Age 5 is not soon enough to warn Americans about the threat of cyberwarfare. So, Janet Napolitano is taking the message into America’s kindergartens. She writes:
Yesterday, I attended the Women in International Security conference, hosted by the Center for Strategic and International Studies, to discuss one of the most urgent and important issues facing our nation—cybersecurity. In particular, I spoke about how DHS is building a cyber-workforce comprised of highly qualified, skilled, and innovative employees who reflect the diversity of our nation, and will enable us to meet our mission today, and in the future.

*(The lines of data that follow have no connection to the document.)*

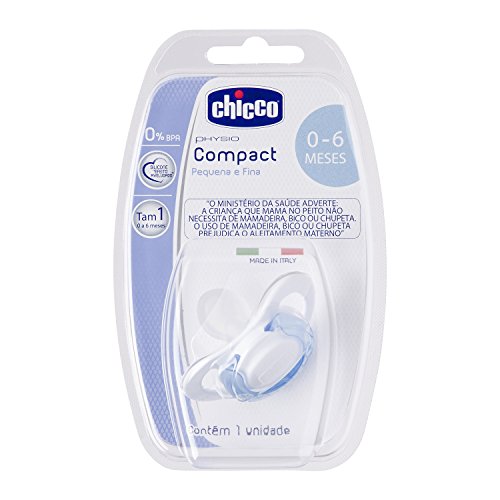 chupeta compact, Chicco, Azul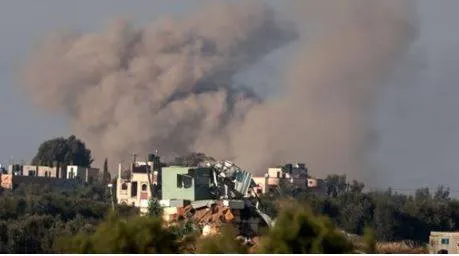 Israeli strike kills two palestinian journalists in gaza  officials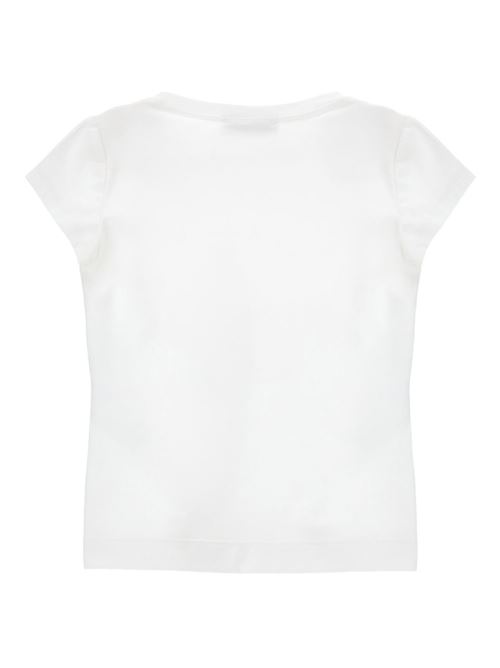 T-shirt bambina Monnalisa bianca con stampa Hello Kitty MONNALISA | 11G61872010099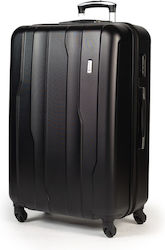 Cardinal 2012 Medium Travel Suitcase Hard Black with 4 Wheels Height 60cm 2012/60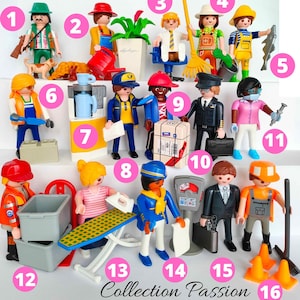 PLAYMOBIL CITY LIFE Jobs Pick One - Playmobile vintage figurines Police, Delivery Man, Gardener, Veterinarian, Pilot, Worker, Air hostess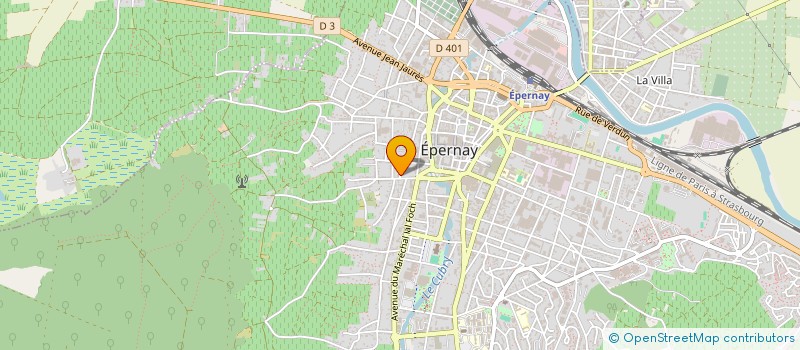 localisation de l'entreprise EMJORA II  EPERNAY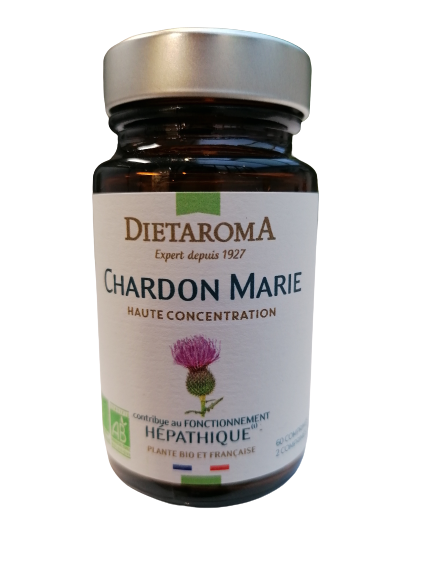 Cardo Mariano Alta Concentración - 60 comprimidos - Dietaroma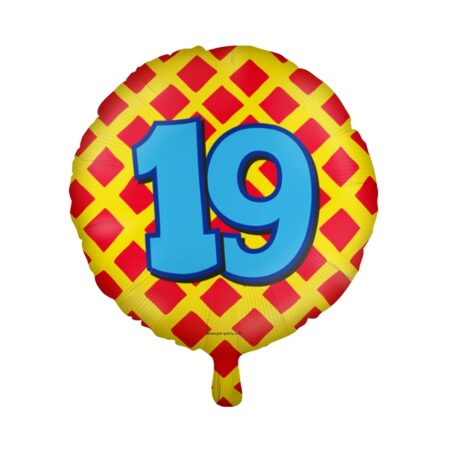Paperdreams Happy folie ballon - 19 jaar | Paperdreams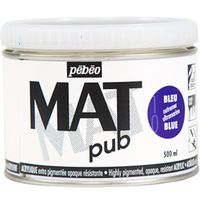 ペベオ・ジャポン ペベオ マットピュブ 500ml NO.10 ウルトラマリンブルー 257010 1本 594-2575（直送品）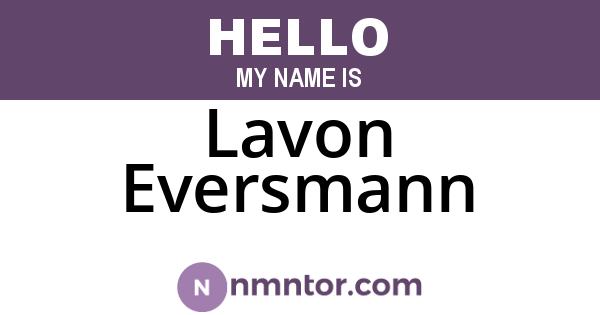 Lavon Eversmann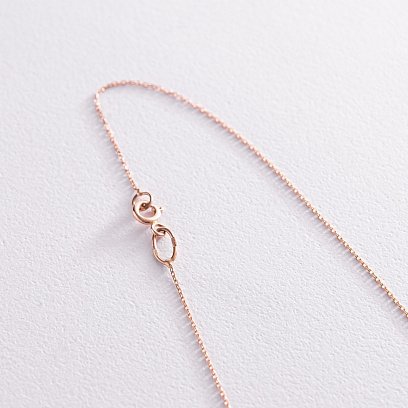 Подвійне золоте кольє "Чарівність" з фіанітами кол02115 №4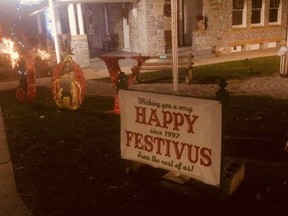 A picture posted to the Facebook page I Celebrate Festivus.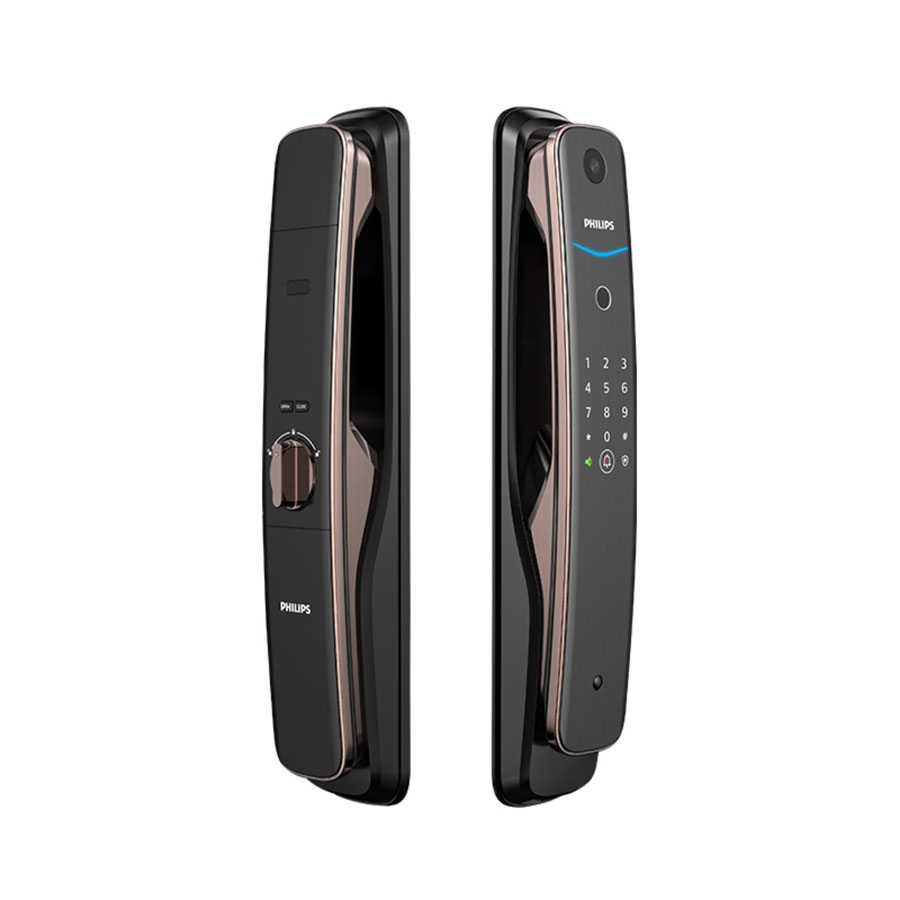 Khóa cửa vân tay có camera Philips DDL702-1HWS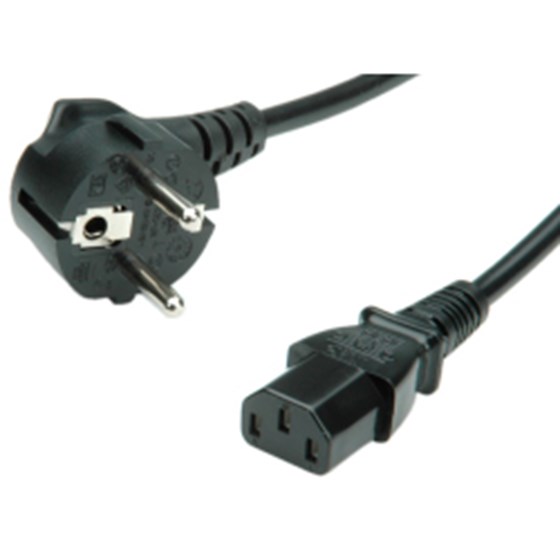 Kabel za napajanje Schuko crni 1.8m Roline P/N: 19.99.1018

At DHS, we’re working to develop the next generation of leaders in cybersecurity while fostering an environment for talented staff to grow in this field. We are building strong cybersecurity career paths within the Department, and in partnership with other government agencies. We are also creating training and development opportunities to retain our most talented employees and ensure their professional development. In collaboration with the National Security Agency, we are strengthening the nation’s educational infrastructure by supporting Centers of Academic Excellence across the country.
In addition, we are extending the scope of cyber education beyond the federal workplace through the National Initiative for Cybersecurity Education, involving students from kindergarten through post-graduate school. And we sponsor the U.S. Cyber Challenge, a program that works with academia and the private sector to identify and develop the best and brightest cyber talent to meet our nation’s growing and changing security needs.
Kindergarteners need to know the threats that face them. Digits are weapons. Kids are the targets. Tell them young.
When it comes to homeland security, age 4 is when Americans should start being afraid of terrorism.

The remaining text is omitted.